First, how do we define the dual transformation? It turns out this is the contravariant functor represented by $\mathbb{F}$. That is, if $\mu:V\rightarrow\mathbb{F}$ is a linear functional, we define $T^*(\mu)=\mu\circ T:U\rightarrow\mathbb{F}$. In terms of the action on vectors, $\left[T^*(\mu)\right](v)=\mu(T(v))$

Now let’s assume that $U$ and $V$ are finite-dimensional, and pick bases $\left\{e_i\right\}$ and $\left\{f_k\right\}$ for $U$ and $V$, respectively. Then the linear transformation $T$ has matrix coefficients $t_i^k$. We also get the dual bases $\left\{\epsilon^j\right\}$ of $U^*$ and $\left\{\phi^l\right\}$ of $V^*$.
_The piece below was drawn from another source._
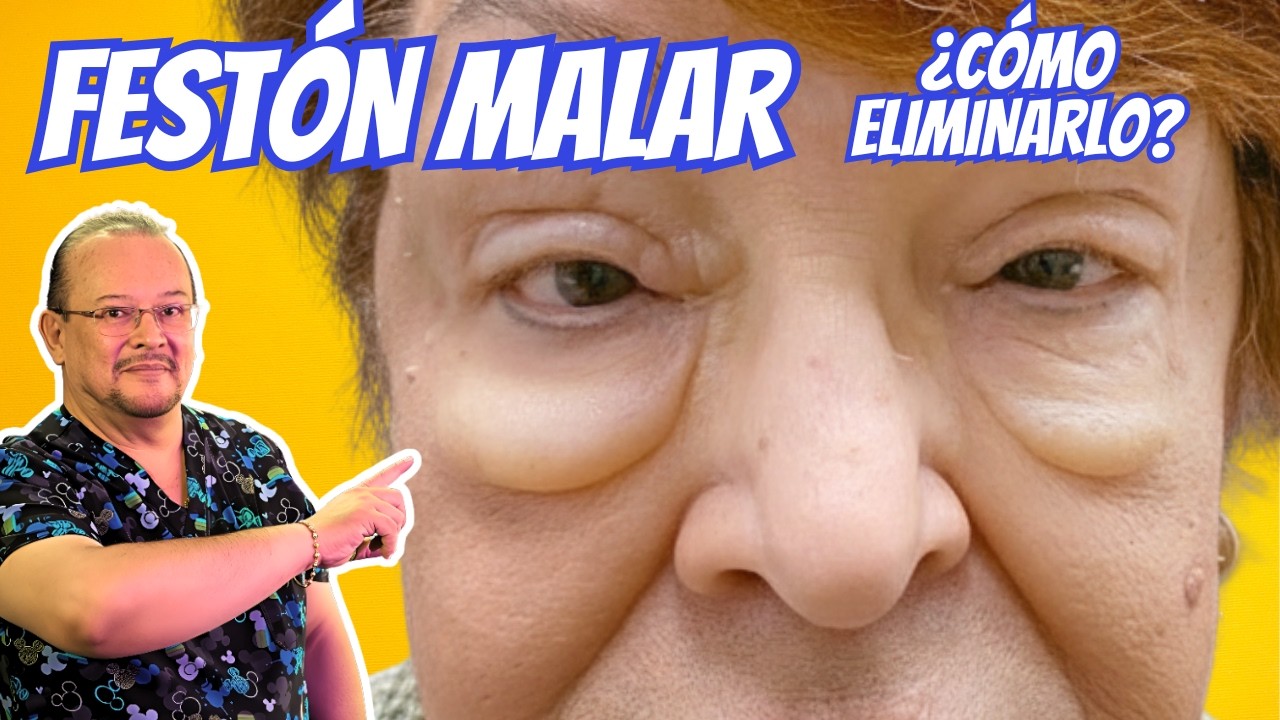 Cómo eliminar la bolsa o Festón Malar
Given a basic linear functional $\phi^l$ on $V$, we want to write $T^*(\phi^l)$ in terms of the $\epsilon^j$. So let’s evaluate it on a generic basis vector $e_i$ and see what we get. The formula above shows us that

$\left[T^*(\phi^l)\right](e_i)=\phi^l(T(e_i))=\phi^l(t_i^kf_k)=t_i^k\delta_k^l=t_i^l$

In other words, we can write $T^*(\phi^l)=t_j^l\epsilon^j$. The same matrix works, but we use its indices differently.

In general, given a linear functional $\mu$ with coefficients $\mu_l$ we find the coefficients of $T^*(\mu)$ as $t_j^l\mu_l$. The value $\left[T^*(\mu)\right](v)=\mu(T(u))$ becomes $\mu_lt_i^lu^i$. Notice that the summation convention tells us this must be a scalar (as we expect) because there are no unpaired indices. Also notice that because we can use the same matrix for two different transformations we seem to have an ambiguity: is the lower index running over a basis for $U$ or one for $U^*$? Luckily, since every basis gives rise to a dual basis, we don’t need to care. Both spaces have the same dimension anyhow.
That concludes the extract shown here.